WHAT THE TASK ASKS: Set the listing down again in full, word for word, with the pictures left out.

DATA BLOCK:
————————

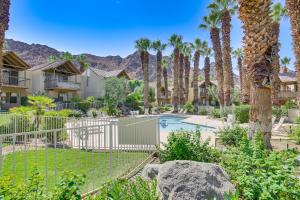 a home with a pool and palm trees at Balcony and Views Pet-Friendly Indian Wells Unit in Indian Wells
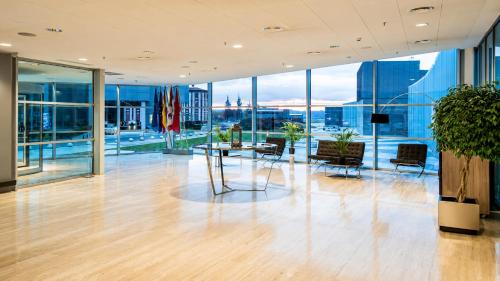 a lobby with a table and chairs and windows at ARVA Abad San Antonio in León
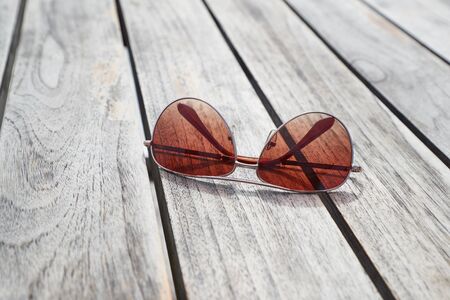 Sunglasses folded on a wooden tableの写真素材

————————

SOLUTION TO THIS PROBLEM:
 a home with a pool and palm trees at Balcony and Views Pet-Friendly Indian Wells Unit in Indian Wells
 a lobby with a table and chairs and windows at ARVA Abad San Antonio in León
 Sunglasses folded on a wooden tableの写真素材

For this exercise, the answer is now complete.